The crackdown on the protesters in Tiananmen Square is no less an important part of China's experience of reforms than its economic component: A balance between market reforms and political stability is the basis of any reform in any country.

This is what Russian liberals should remember when they voice admiration for China's economic achievements under Deng Xiaoping. The architect of "the Chinese economic miracle" paid a high price for thus preserving his brainchild: It was he who took the final political decision to suppress the protests in June 1989.

Now we understand that in 1989 China made its historical choice in favor of continued market economy reforms and preservation of the one-party system in order to maintain political stability and prevent a breakup of the country.
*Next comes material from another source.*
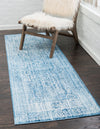 Bronx Loft Collection Area Rug -  Belmont Runner Blue  lifestyle 55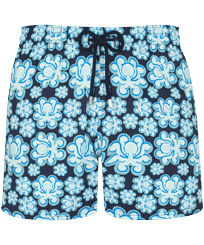 Men Stretch Swim Shorts Poulpes Neon Navy front view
The USSR under Mikhail Gorbachev too made its choice, which was completely the opposite: Attempts to reform the single-party system ended in economic collapse and the breakup of the country. The result is for everyone to see now, although it does not mean that Gorbachev should have followed Deng Xiaoping's example: It is impossible to automatically replicate Chinese experience.

By the late 1980s, Russia's and China's historical paths were surprisingly similar. The theory that Chinese society was focused exclusively on market reforms is not borne out by the facts. At the time, China had its own version of perestroika, which was called "transparency": The Chinese were very much concerned by the side effects of reforms, primarily a dramatic rise in social inequality and corruption, and demanded that the authorities take effective steps to tackle those.
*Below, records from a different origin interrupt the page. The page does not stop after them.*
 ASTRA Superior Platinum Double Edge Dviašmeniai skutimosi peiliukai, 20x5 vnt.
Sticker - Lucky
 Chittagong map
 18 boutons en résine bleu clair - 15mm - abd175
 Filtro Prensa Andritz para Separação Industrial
It was under these slogans that Beijing students took to Tiananmen Square. Incidentally, the culmination of the events of June 1989 coincided with Mikhail Gorbachev's visit to China. The itinerary for his trip envisaged a visit to the monument to China’s national heroes in Tiananmen Square, however by that time the square had been occupied by protesters.

They wanted the leader of "glasnost and perestroika", which they found so inspiring, to address them directly. Gorbachev's advisers were seriously considering that option. One is only left to wonder what Mikhail Gorbachev could have told the protesters on the square.

At a senior Communist Party gathering at the time, Deng Xiaoping said: "The problem is not whether the USSR will survive. The problem is whether China will fall next." That was the logic that informed the Chinese leaders' actions. They did not want to sacrifice political stability and the integrity of their country to demands for more rapid political modernization.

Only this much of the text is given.